This section describes how to create a scene using POV-Ray's scene 
description language and how to render this scene.

Let's create the scene file for a simple picture. Since ray tracers thrive 
on spheres, that's what we'll render first.

First, we have to tell POV-Ray where our camera is and where it's looking. 
To do this, we use 3D coordinates. The usual coordinate system for POV-Ray 
has the positive Y axis pointing up, the positive X axis pointing to the 
right, and the positive Z axis pointing into the screen as follows:

    ^+Y
    |   /+Z
    |  /
    | /
    |/        +X
    |-------->


The negative values of the axes point the other direction, as follows:


          ^+Y
          |   /+Z
          |  /
          | /
  -X      |/        +X
  <-------|-------->
         /|
        / |
       /  |
    -Z/   |
          v-Y

Using your personal favorite text editor, create a file called 
"picture1.pov". Now, type in the following (note: The input is case 
sensitive, so be sure to get capital and lowercase letters correct):

      #include "colors.inc"    // The include files contain
      #include "shapes.inc"    // pre-defined scene elements
      #include "textures.inc"

      camera {
        location  <0, 2, -3>
        look_at   <0, 1,  2>
      }

The first include statement reads in definitions for various useful colors. 
The second and third include statements read in some useful shapes and 
textures respectively. When you get a chance, have a look through them to 
see but a few of the many possible shapes and textures available.

You may have as many include files as needed in a scene file. Include files 
may themselves contain include files, but you are limited to declaring 
includes nested only 10 "deep".

Filenames specified in the include statements will be searched for in the 
home (current) directory first, and if not found, will then be searched for 
in directories specified by any "+L" (library path) options active. This 
would facilitate keeping all your "include" (.inc) files such as 
shapes.inc, colors.inc, and textures.inc in an "include" subdirectory, and 
giving an "+L" option on the command line to where your library of include 
files are.

The camera declaration describes where and how the camera sees the scene. 
It gives X, Y, Z coordinates to indicate the position of the camera and 
what part of the scene it is pointing at. You describe X, Y, Z coordinates 
using a 3-part "vector".  A vector is specified by putting 3 numeric values 
between a pair of angle brackets and separating the values with commas.

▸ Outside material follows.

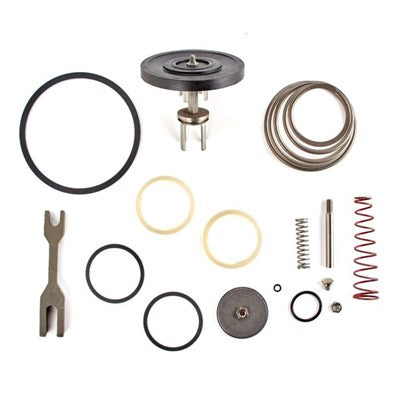 0881263 (Watts) | RK 900 Complete Repair Kit 1-1/2 to 2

Briefly, "location <0, 2, -3>" places the camera up two units and back 
three units from the center of the ray tracing universe which is at <0, 0, 
0>. Remember that by default +Z is into the screen and -Z is back out of 
the screen.

Also "look_at <0, 1, 2>" rotates the camera to point at X, Y, Z coordinates 
<0, 1, 2>.  A point 5 units in front of and 1 unit lower than the camera. 
The look_at point should be the center of attention of your image.

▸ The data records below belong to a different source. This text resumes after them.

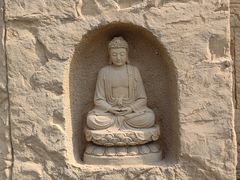 -八奇洞景区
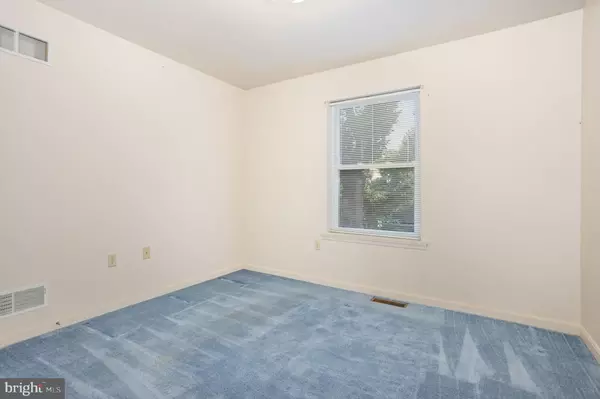 New Freedom, PA 17349,18061 FIELDING CT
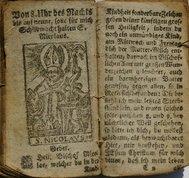 Reise-Gebetbuch.djvu # 75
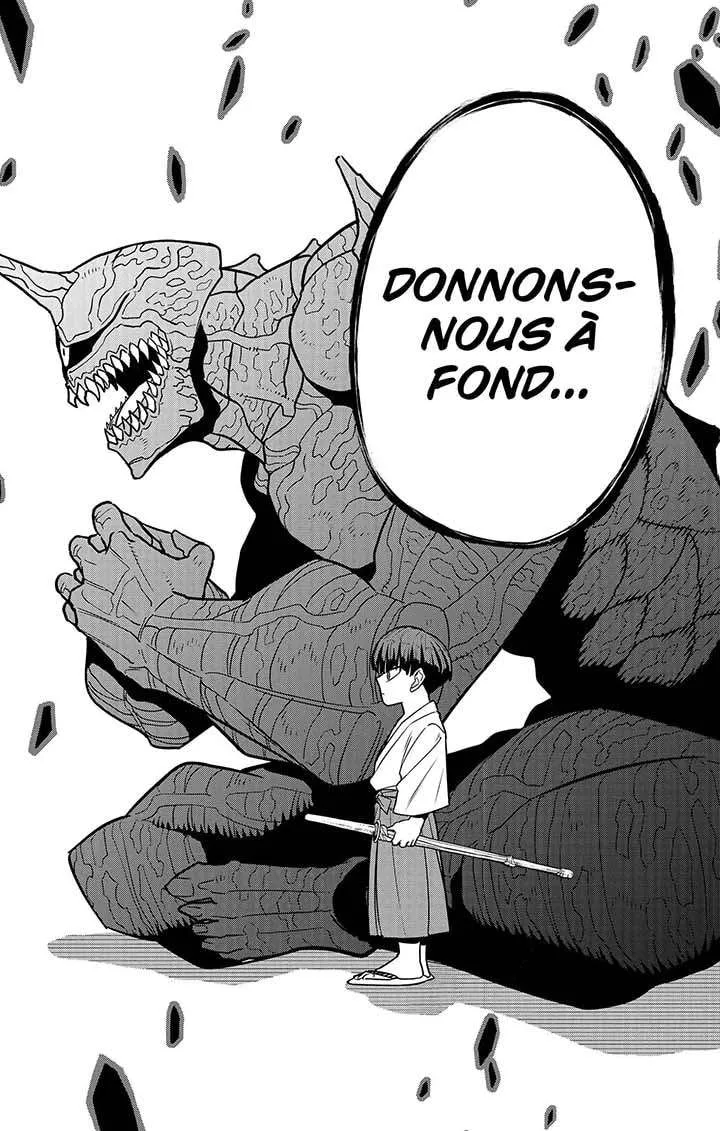 Kaiju No. 8 - 91 - 67d0a5a1cc057.webp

Now that the camera is set up to record the scene, let's place a red sphere 
into the scene.  Type the following into your scene file:

      sphere {
        <0, 1, 2>, 2
        texture {
          pigment {color Yellow}  // Yellow is pre-defined in COLORS.INC
        }
      }

The first vector specifies center of the sphere.  In this example the X 
coordinate is zero so it is centered left and right.  It is also at Y=1 or 
1 unit up from the origin. The Z coordinate is 2 which is 5 units in front 
of the camera at Z=-3. After the center vector is a comma followed by the 
radius which in this case is 2 units. Since the radius is 1/2 the width of 
a sphere, the sphere is 4 units wide. 

Now that we've defined the location and size of the sphere, we need to 
describe the appearance of the surface.  The texture {...} block specifies 
these parameters.  Texture blocks describe the color, bumpiness and finish 
properties of an object.  In this example we will specify the color only.  
This is the minimum we must do.  All other texture options except color 
will use the default values.

The color you define is the way you want it to look if fully illuminated.  
If you were painting a picture of a sphere you would use dark shades of a 
color to indicate the shadowed side and bright shades on the illuminated 
side.  However ray tracing takes care of that for you.  You pick the basic 
color inherent in the object and POV-Ray brightens or darkens it depending 
on the lighting in the scene.  Because we are defining the basic color the 
object actually IS rather than how it LOOKS the parameter is called 
"pigment".

Many types of color patterns are available for use in a pigment {...} 
statement.  The keyword "color" specifies that the whole object is to be 
one solid color rather than some pattern of colors.  The word "Yellow" is a 
color identifier which was previously defined in the standard include file 
"colors.inc".

If no standard color is available for your needs, you may define your own 
color by using the color keyword followed by "red", "green" and "blue" 
keywords specifying the amount of red, green and blue to be mixed.  For 
example a nice shade of pink can be specified by:

      color red 1.0 green 0.8 blue 0.8

The values after each keyword should be in the range 0.0 to 1.0.  Any of 
the three components not specified will default to 0.  A shortcut notation 
may also be used.  The following produces the same shade of pink:

      color rgb <1.0, 0.8, 0.8>

Colors are explained in more detail later.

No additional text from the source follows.